Aspirational values or disingenuous claims? The line in the sand



To go big, you have to think big. To think big, you need aspirational goals.

David and Goliath

Aspirational goals are those big ideas that people and groups need to succeed in the future but lack in the present. Malcolm Gladwell wrote about the power of aspiring to be more than you are in his bestselling book – David and Goliath – Gladwell describes how, people labeled as “underdogs” use that status to leverage unconventional powers.

For the David and Goliath-like community coalitions that I work with, joining forces around big, aspirational ideas is the driving force for change.

Coalitions – when they are at the top of their game – can be far more powerful than any single organization working alone. They can share and apply more resources, build sustainable support for the long haul of policy change, and will often attract and develop new leaders.

But the reality is that emerging coalitions are fragile. They bring together strangers – people from diverse backgrounds and different viewpoints, who have to figure out how to trust and respect each other’s differences and get something big accomplished. Its not all faith and kumbaya – coalition members often know one another first as adversaries with a history of having to compete for authority, power, funding, members, and media attention. In fact, frustration is one of the prime motivators for coalitions to emerge – leaders cannot lead when they don’t make progress. They loose followers and funders. Organizations who can respond to the leadership challenge by overcoming differences and foraging values-based partnerships are seen as skilled innovators and leaders.

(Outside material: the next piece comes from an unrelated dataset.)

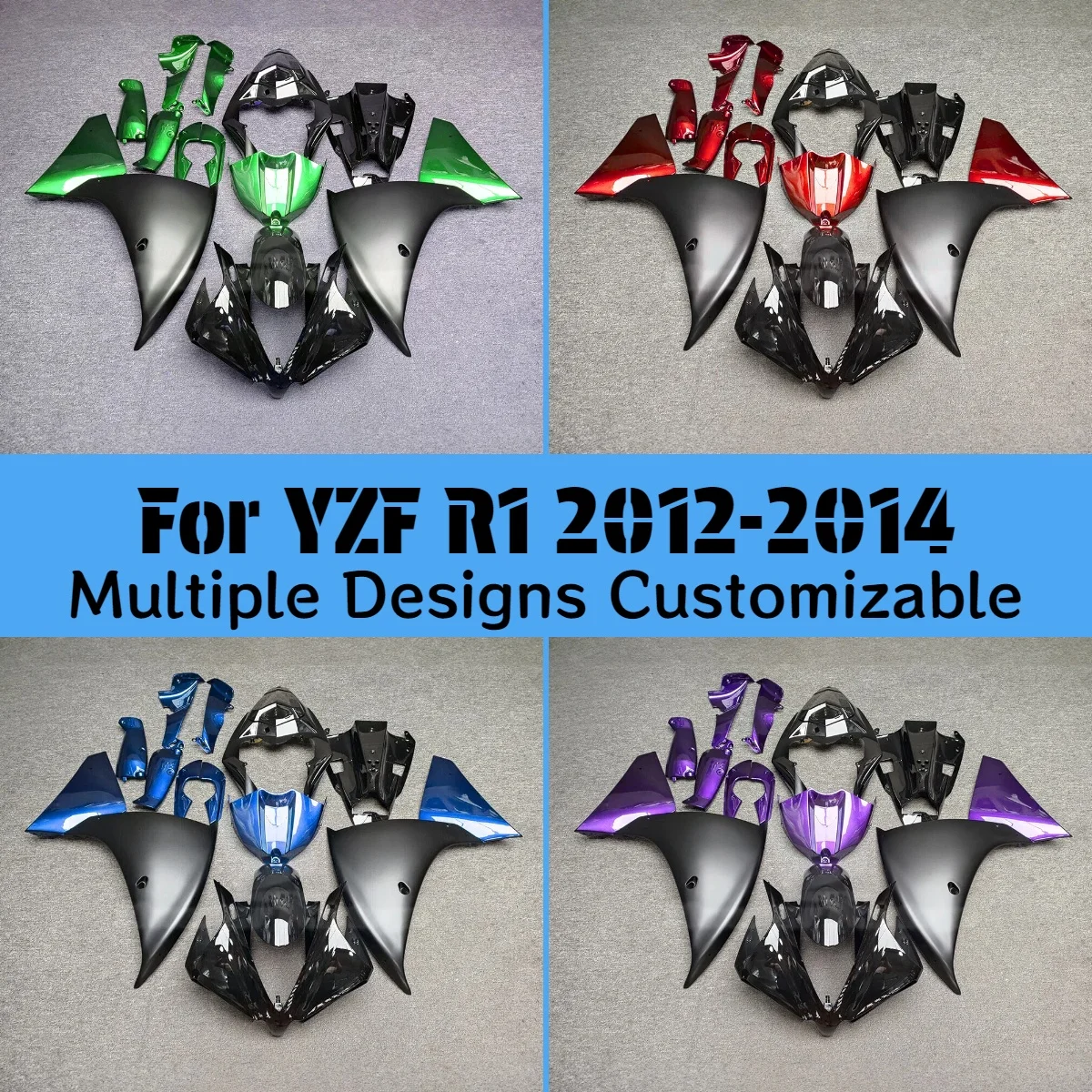 

For YAMAHA YZF R1 2012 2013 2014 Hot Style Fairing Kit YZFR1 12 13 14 Injection Bodywork Motorcycle Fairings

Leadership Skills for Coalitions

There are numerous theories and models that help coalitions develop and overcome challenges, but leadership skills are central to success – especially in the start-up stage.

The core members of successful coalitions share several common characteristics – experience, commitment, diversity, and lack of conflict. Equally important to effective coalition building is the ability to stay focused on the external problem – on the mission – rather than on the internal politics and dynamics – the internal problems. Simply stated, growing big requires a razor-sharp focus on increasing community participation in advancing the mission. In doing so, coalitions decrease conflict and improve their chances of success.

Aspirational values or disingenuous claims?

A client recently asked me if some of the aspirational claims I had written into a draft report to funders might be viewed as being oversold.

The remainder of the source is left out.